I love Ken Davenport’s line, “He’s just not that into you.” I think of it daily when I’m at work.
In my job, I filter through applications, resumes, and phone calls to determine who to bring in for interviews. Fewer than ten percent of the people who contact me—typically at least two hundred in a month—are ever people I would consider bringing in (and fewer of those are ever offered work).
I get these annoying people who call me back every two months, most of whom don’t realize they are doing that. They just don’t keep jobs for long and start from scratch when they walk off their job or are fired. Some of them, though, are purposefully calling back again and again, perhaps thinking that by putting their name or voice in front of me, I’ll warm up to their job jumping, I’m-so-desperate-for-a-job-though-I’ve-had-three-in-the-past-year resume and finally bring them in. Because I’m always busy, I can’t help but think when I get these calls, “He’s just not that into you!”
With Thanksgiving coming up, last week was particularly busy for me because of people needing time off from work. This one woman called in again. I finally got annoyed enough to call her and say in a very respectful, professional tone, “I talked with you in July, and you’ve called me four times since. If I have anything, I will give you a call.” Of course, in another month, she’ll be paging through the phone book and call again anyway.
If it’s that bad for me, think about what it must be like for producers on Broadway and in Hollywood. No wonder they put up so many barriers to reading work! Everyone is working on a screenplay or a musical, and we can only guess how many of them aren’t very good.
So, the answer to “He’s just not that into you” is perhaps not to keep annoying people until they beat you over the head with a stick. Like me with my job, they don’t need to spend ten days with you to know if you’re going to suit their needs or not. With my job, within two or three questions, I can almost always tell if I’m going to bring someone in for an interview and whether we will hire them.
The answer, then, has to be to improve, to change somehow. Because when you call on them again a third or a fourth time, their cough medicine or the quality of lettuce with their lunch isn’t going to change their perspective. You have to face the fact that you are lacking something they are searching for. The only way that producer or director is going to change their perspective is if something about you changes.

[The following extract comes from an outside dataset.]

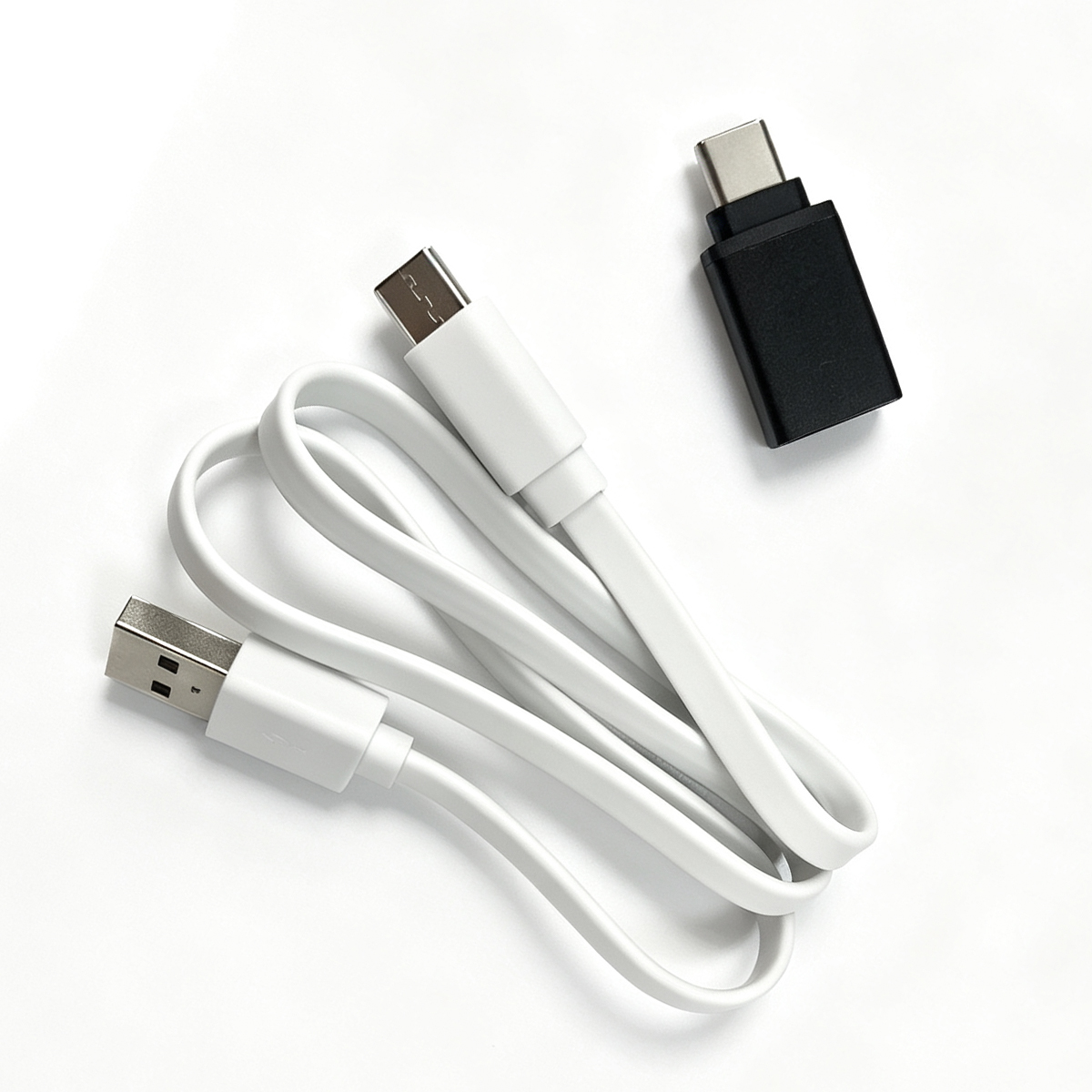 Ein zusammengerolltes weißes USB-Kabel und ein schwarzer USB-C-Adapter liegen auf einer weißen Oberfläche.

If you’ve never read David Wienir and Jodie Langel’s Making It On Broadway, read it. There’s a great story in there from Cory English, who was part of the cast that changed my life with Hello, Dolly! in 1994 (and he was recently cast in Young Frankenstein). In Making It On Broadway, he talks about auditioning for Jerome Robbins’ Broadway nineteen times, wearing the same shirt to each audition. Talk about fortitude! But the reality is, there’s a long string of shows listed under his name in the book, and not one of them is Jerome Robbins’ Broadway. They just weren’t into him. But the hope for us all lies in his bio, which is that his persistence got him nowhere then, but somewhere along the line, he improved or found someone who saw the qualities they needed in him. After all, he does, indeed, have a long line of shows under his name, and he’s still adding to that list to this day.